Le canal.Texte de Pascal de Gosselin.15
Publié le 9 Juillet 2014
Bellestre, en bon marinier, jeta un regard en arrière : le pont-canal était en ruine. Les lampadaires pendaient la tête en bas, des pans entiers de poutrelles s’étaient détachés, formant de larges trous dans le pont maintenant à sec. Heureusement une porte métallique empêchait l’eau du canal de se déverser dans la vallée dont le fond se perdait dans le vide.

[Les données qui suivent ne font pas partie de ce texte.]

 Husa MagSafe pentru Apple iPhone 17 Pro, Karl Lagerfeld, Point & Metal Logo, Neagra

Il était évidemment dangereux de rester là, à la merci d’une simple porte. Bellestre dit alors qu’il fallait partir et vite. Il pénétra dans le poste de pilotage : à part la barre, il n’y avait plus rien de mécanique ou d’électrique dans l’habitacle ! Comment démarrer le moteur dans ces conditions. Il appela Etienne :
- Descends dans la salle des machine et mets le moteur en marche d’en bas !

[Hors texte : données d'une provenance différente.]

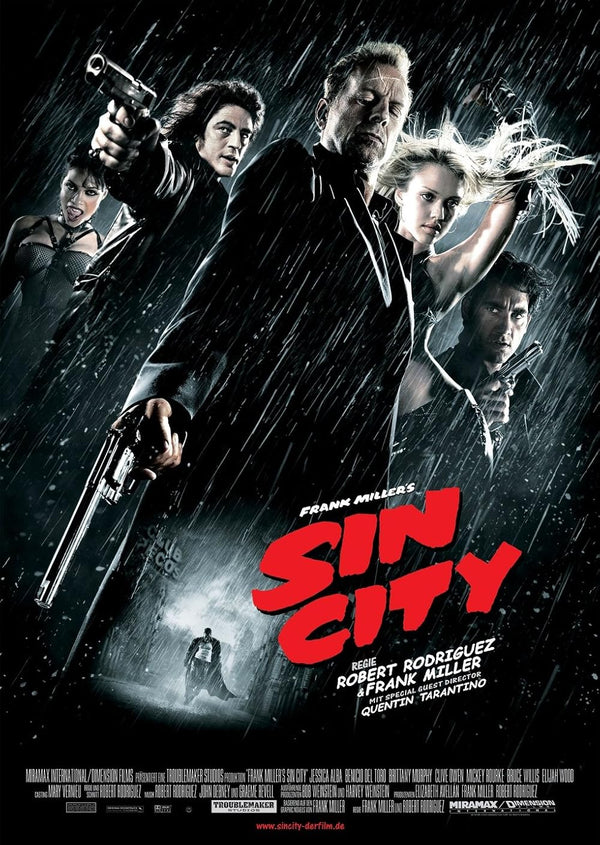 Sin City (2005) – Gritty Crime Thriller Movie Poster Movie Poster | Film Wall Art Print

Le jeune homme remonta, effaré :
- Il n’y a plus de moteur !
Le patron n’alla même pas vérifier. Il se contenta de sortir sur le pont et de regarder son bateau : le radar Furuno qui n’avait pas cessé de tourner depuis qu’ils étaient dans le brouillard, avait disparu ; les feux électriques étaient remplacés par des fanaux à pétrole.
Les panneaux d’écoutille, maintenant en bois, étaient surmontés d’un petit mât très fortement haubané : tout était ainsi à l’image d’une péniche du siècle précédent.
Bellestre eut l’impression que le bateau dominait davantage la berge, mais ce n’était sûrement qu’une impression. Il ne put toutefois s’empêcher de soulever un panneau d’écoutille : la cale était vide, seuls des rats en grand nombre se disputaient les quelques grains de blé qui restaient.
- On nous a volé notre chargement !
Il ne se contrôlait plus : pour un marinier c’est une honte plus grande que celle de casser une porte d’écluse en entrant dedans !
Il se calma un peu : il fallait à tout prix avancer.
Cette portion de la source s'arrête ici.